- [DATA]:

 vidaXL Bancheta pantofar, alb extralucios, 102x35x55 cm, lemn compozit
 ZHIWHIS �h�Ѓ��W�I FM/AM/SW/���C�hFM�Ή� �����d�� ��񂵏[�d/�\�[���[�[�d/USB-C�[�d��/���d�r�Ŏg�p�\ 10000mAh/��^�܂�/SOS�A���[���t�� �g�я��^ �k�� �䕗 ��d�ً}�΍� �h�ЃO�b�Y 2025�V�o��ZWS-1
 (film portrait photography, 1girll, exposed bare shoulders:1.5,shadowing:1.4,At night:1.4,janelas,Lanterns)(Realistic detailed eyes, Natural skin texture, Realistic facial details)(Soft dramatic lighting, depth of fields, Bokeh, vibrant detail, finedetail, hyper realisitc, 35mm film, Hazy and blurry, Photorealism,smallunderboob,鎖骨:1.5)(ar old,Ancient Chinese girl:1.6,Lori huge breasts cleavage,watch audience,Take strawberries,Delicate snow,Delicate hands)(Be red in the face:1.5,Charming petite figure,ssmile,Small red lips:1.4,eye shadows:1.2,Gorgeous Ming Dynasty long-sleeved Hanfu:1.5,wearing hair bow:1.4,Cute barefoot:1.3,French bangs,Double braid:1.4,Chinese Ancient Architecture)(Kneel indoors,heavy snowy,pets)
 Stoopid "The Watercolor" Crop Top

- [EXERCISE DESCRIPTION]:
Repeat the listing above word for word, with no line missing.

- [EXPECTED ANSWER]:
 vidaXL Bancheta pantofar, alb extralucios, 102x35x55 cm, lemn compozit
 ZHIWHIS �h�Ѓ��W�I FM/AM/SW/���C�hFM�Ή� �����d�� ��񂵏[�d/�\�[���[�[�d/USB-C�[�d��/���d�r�Ŏg�p�\ 10000mAh/��^�܂�/SOS�A���[���t�� �g�я��^ �k�� �䕗 ��d�ً}�΍� �h�ЃO�b�Y 2025�V�o��ZWS-1
 (film portrait photography, 1girll, exposed bare shoulders:1.5,shadowing:1.4,At night:1.4,janelas,Lanterns)(Realistic detailed eyes, Natural skin texture, Realistic facial details)(Soft dramatic lighting, depth of fields, Bokeh, vibrant detail, finedetail, hyper realisitc, 35mm film, Hazy and blurry, Photorealism,smallunderboob,鎖骨:1.5)(ar old,Ancient Chinese girl:1.6,Lori huge breasts cleavage,watch audience,Take strawberries,Delicate snow,Delicate hands)(Be red in the face:1.5,Charming petite figure,ssmile,Small red lips:1.4,eye shadows:1.2,Gorgeous Ming Dynasty long-sleeved Hanfu:1.5,wearing hair bow:1.4,Cute barefoot:1.3,French bangs,Double braid:1.4,Chinese Ancient Architecture)(Kneel indoors,heavy snowy,pets)
 Stoopid "The Watercolor" Crop Top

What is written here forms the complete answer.